> Supplied material:
☆ ☆ ☆

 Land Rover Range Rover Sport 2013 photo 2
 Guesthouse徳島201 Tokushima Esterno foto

☆ ☆ ☆

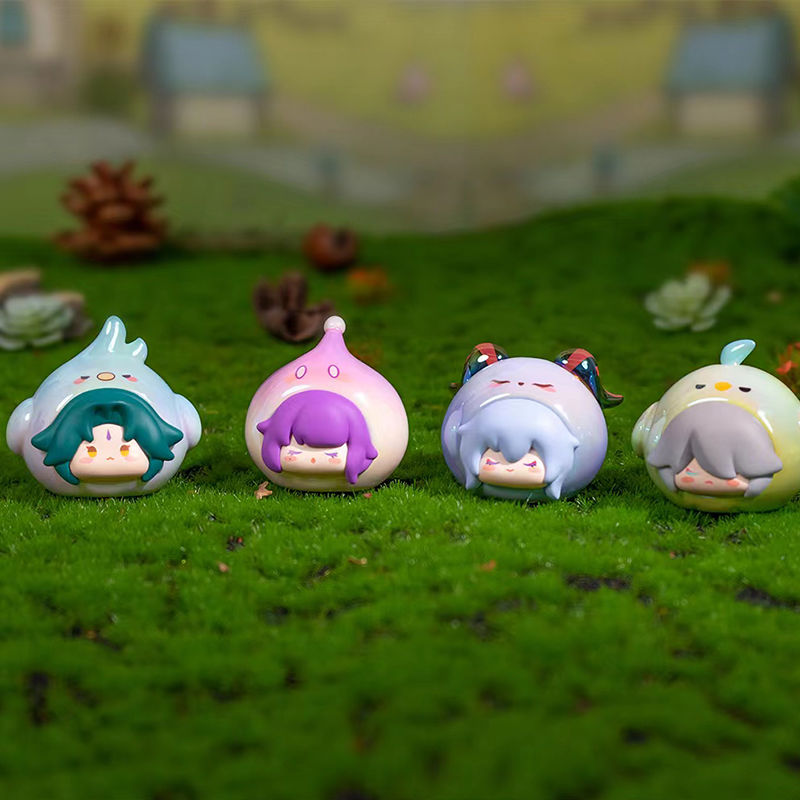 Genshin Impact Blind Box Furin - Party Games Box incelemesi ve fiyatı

☆ ☆ ☆

> Exercise instructions: Which lines above run from the one containing "Land Rover Range Rover Sport 2013 photo 2" to the one containing "Guesthouse徳島201 Tokushima Esterno foto"? Give them again exactly, both ends included.

> Exercise solution:
 Land Rover Range Rover Sport 2013 photo 2
 Guesthouse徳島201 Tokushima Esterno foto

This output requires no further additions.